The GPU acceleration that is provided by WML Accelerator allows for your AI platform to scale up and down automatically which allows for more GPU allocation and availability helping a data scientist get faster results and reach a better level of model accuracy. Added benefits of WML Accelerator include:
  • Helps data scientists optimize the speed of training by automating hyperparameter searches in parallel.
  • The elastic distributed training capability helps with distributing model training across multiple GPUs and compute nodes, dynamically allocating and distributed to training jobs. Training jobs can be added or removed seamlessly, where elastic distributed training handles the GPU distribution for models that are built on stand-alone systems and makes the distribution apparent to the user.

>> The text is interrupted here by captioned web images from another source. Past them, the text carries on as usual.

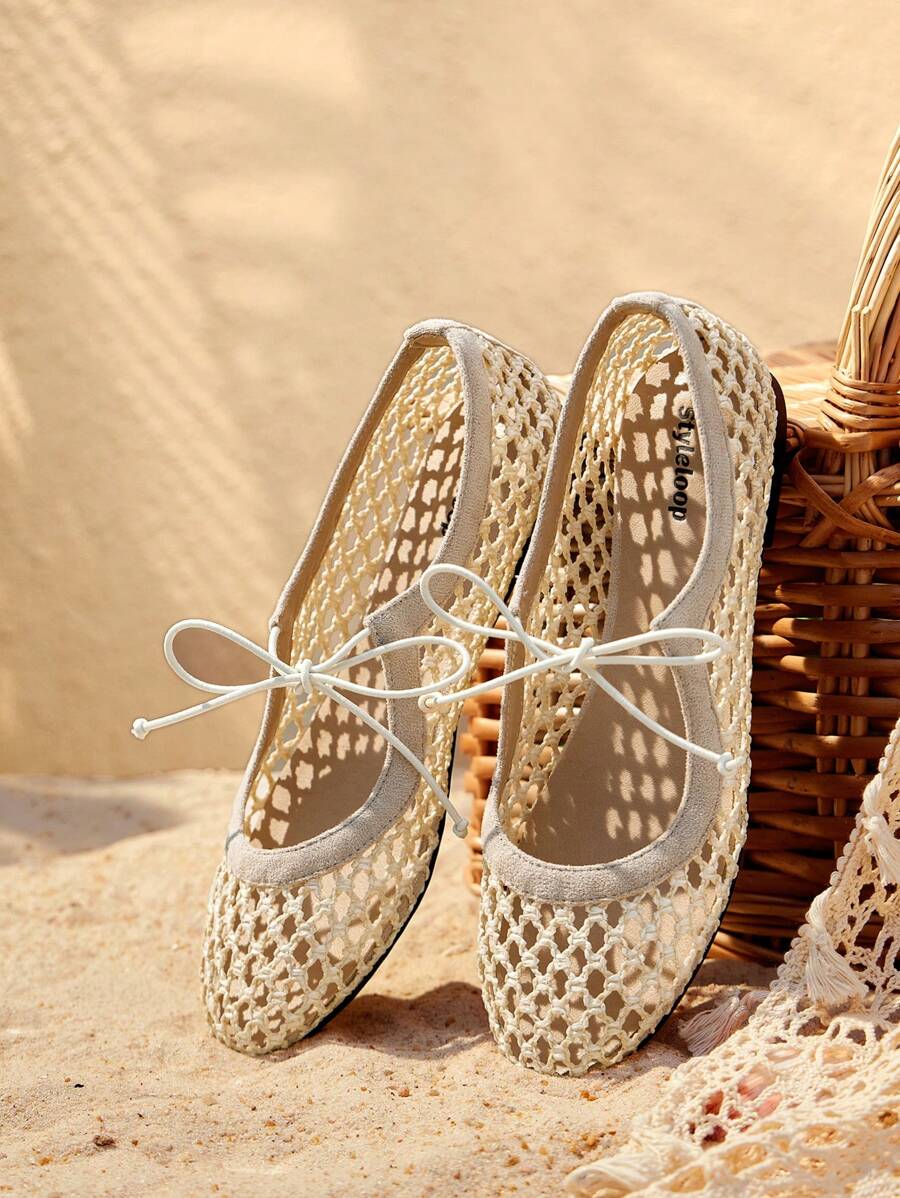 Styleloop Nuevo estilo 2025 Zapatos planos elegantes para mujer cómodos y transpirables con trenzados, decoración de lazo y puntera redonda, para vacaciones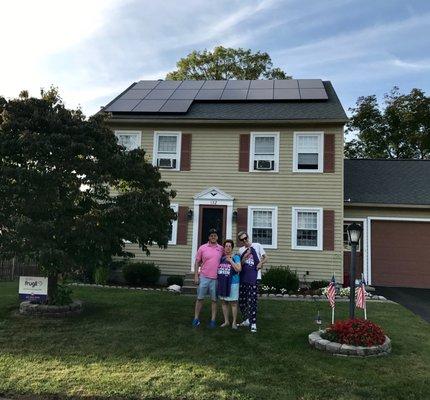 Me, my mom, my solar guy and my new solar system :-)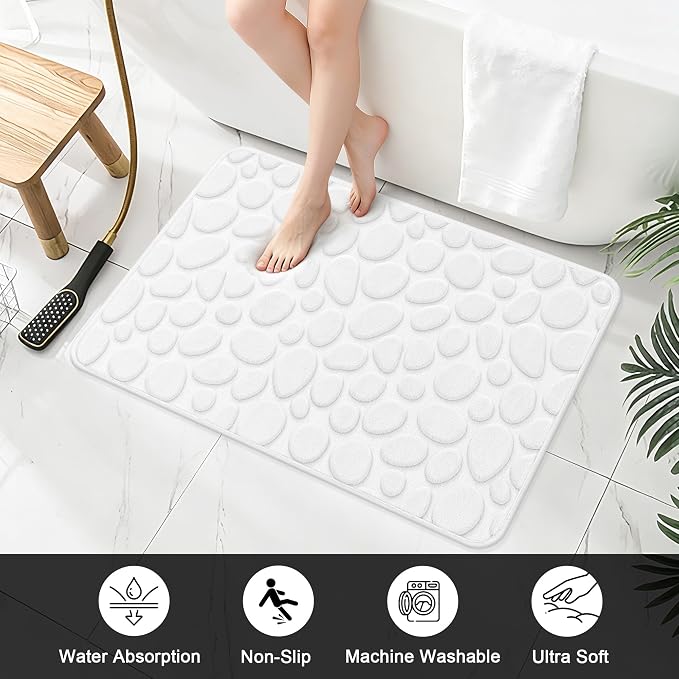 Stone Bath Mats, Non-Slip Memory Foam Bathroom Rug, 16x24 White | TPR Rubber Backing,Ultra Soft,Highly Absorbent,Machine Washable,Quick Dry for Tub and Shower, Home Decor Accessories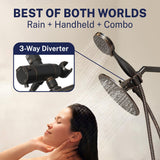 HammerHead Showers Dual Shower Head Combo, 8-Inch Rainfall & 3-Flow Handheld, Oil Rubbed Bronze, 2.5 GPM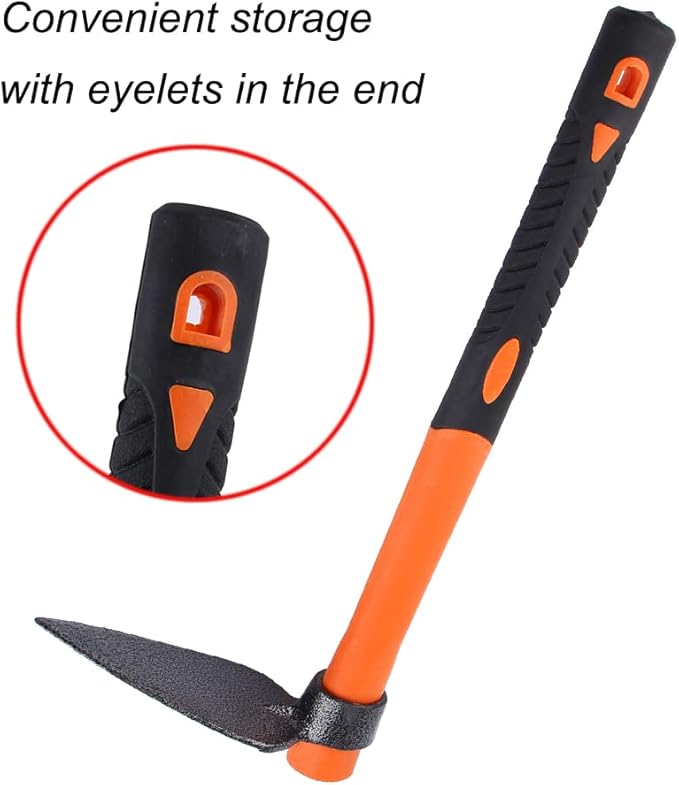 Single Head Sharp Hoe with Heavy Duty Forged Adze and Ergonomic Non-Slip Handle for Loosening Soil, Seeding, Camping Outdoor 39mm/15-Inch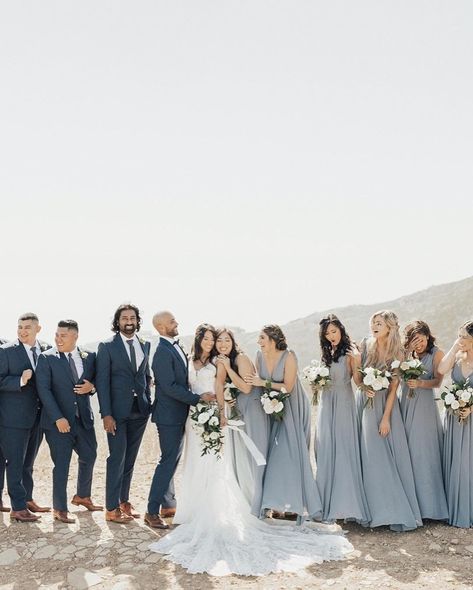 Slate Blue Bridesmaids, Slate Blue Bridal Party, Wedding Party Colours, Slate Blue Bridesmaid Dresses, Lulus Bridesmaid Dresses, Blue Bridesmaid Dresses, All The Feels, The Feels, Blue Bridesmaids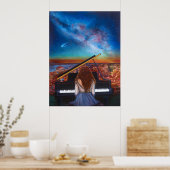 Poster_Girl auf Piano Poster (Küche)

If you plan on using WML Accelerator with IBM Watson Studio Local or WML, you must complete the following installation.

Before you begin
  • Ensure that your system meets all requirements: Hardware and software requirements.
  • Ensure that you have set up your system: Set up your system (Manual install).
  • Consider user authentications when installing WML Accelerator with IBM Watson Studio Local or IBM Watson Machine Learning:
    • To create a Spark instance group using the templates provided, make sure to configure a pluggable authentication module (PAM), like LDAP, for user authentication: Configuring user authentication for PAM and default clients. LDAP is required to enable impersonation with authentication for LDAP or OS execution users.
    • User authentication can be handled by PAM, otherwise, the cluster administrator must add each user to WML Accelerator.
Steps:
  1. Install IBM Watson Studio Local: Installing IBM Watson Studio Local.
  2. Log in to the host as root or as a user with sudo permissions.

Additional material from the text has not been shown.